By examining stool samples and prescription data from more than 2,500 participants in the Estonian Biobank’s Microbiome Cohort, the scientists discovered that most of the drugs they analyzed were associated with measurable changes in the gut microbiome. Many of these changes persist long after people stop taking medications. The lasting impact was not limited to antibiotics: antidepressants, beta-blockers, proton pump inhibitors, and benzodiazepines also left distinct microbial fingerprints.

Dr Oliver Asmets, lead author of the study, said: ‘Most microbiome studies only consider current medications, but our results show that past drug use can be just as important as a surprisingly powerful factor in explaining individual microbiome differences.’ The results underscore the importance of considering a person’s medication history when exploring links between gut microbes and disease.

Interestingly, benzodiazepines—commonly prescribed for anxiety—produced microbiome changes similar to those seen with broad-spectrum antibiotics. The study also revealed that drugs in the same class, such as diazepam and alprazolam, can differ in the extent to which they disrupt intestinal microbial balance.

Follow-up samples from a smaller group of participants showed that starting or stopping certain medications led to predictable shifts in the gut microbiome, supporting a possible cause-and-effect relationship.
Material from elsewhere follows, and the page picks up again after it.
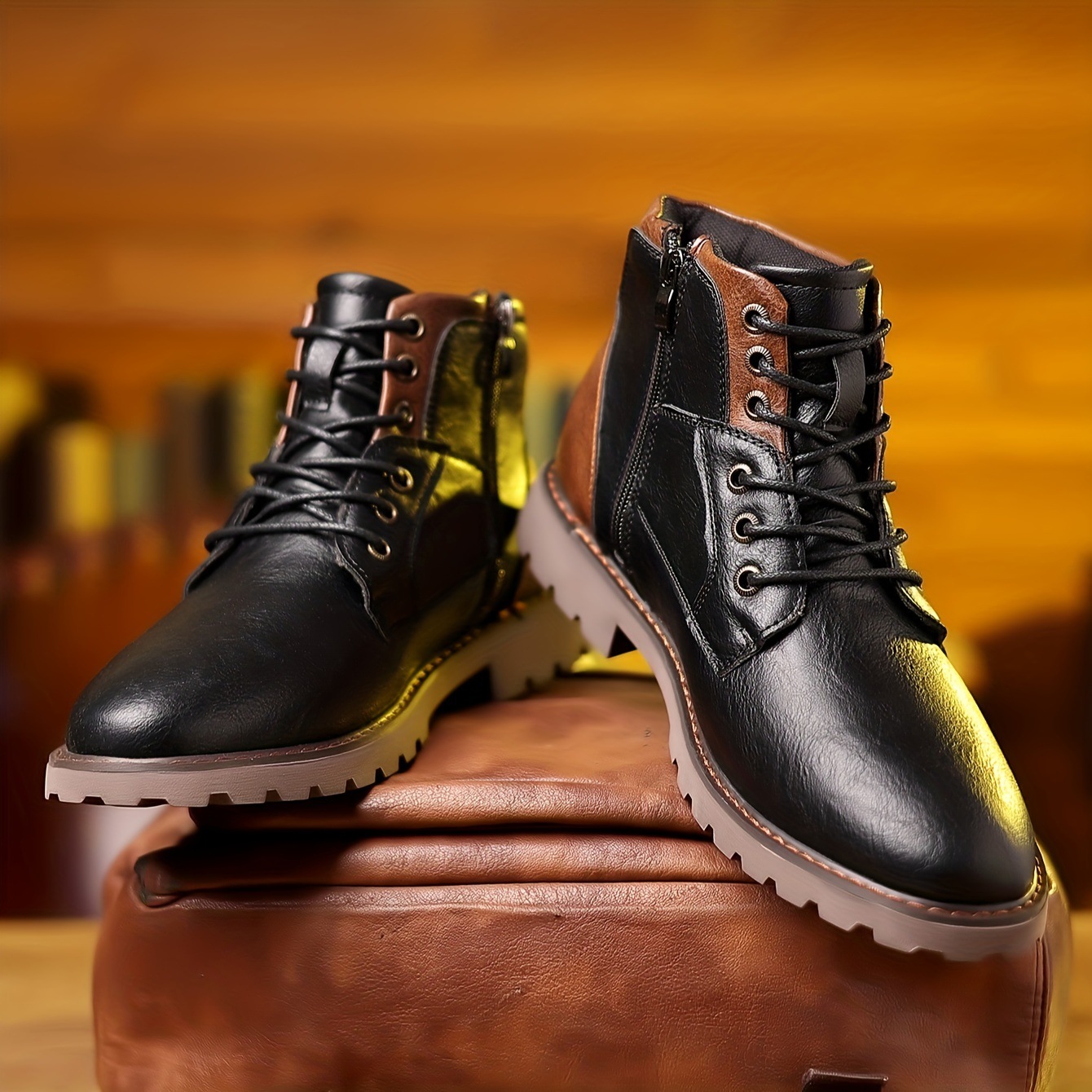 Men's Color Matching Casual Side Zipper Middle Tube Leather Boots foto 5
Although this second phase involved fewer samples, researchers confirmed persistent effects of proton pump inhibitors, selective serotonin reuptake inhibitors, and several antibiotics, including combined penicillins and macrolides.

Professor Eileen Orge, corresponding author of the study, said: “This is a comprehensive systematic evaluation of the long-term effects of a drug on the microbiome using real-world medical health records.” “We hope this will encourage researchers and clinicians to take medication history into account when interpreting microbiome data.”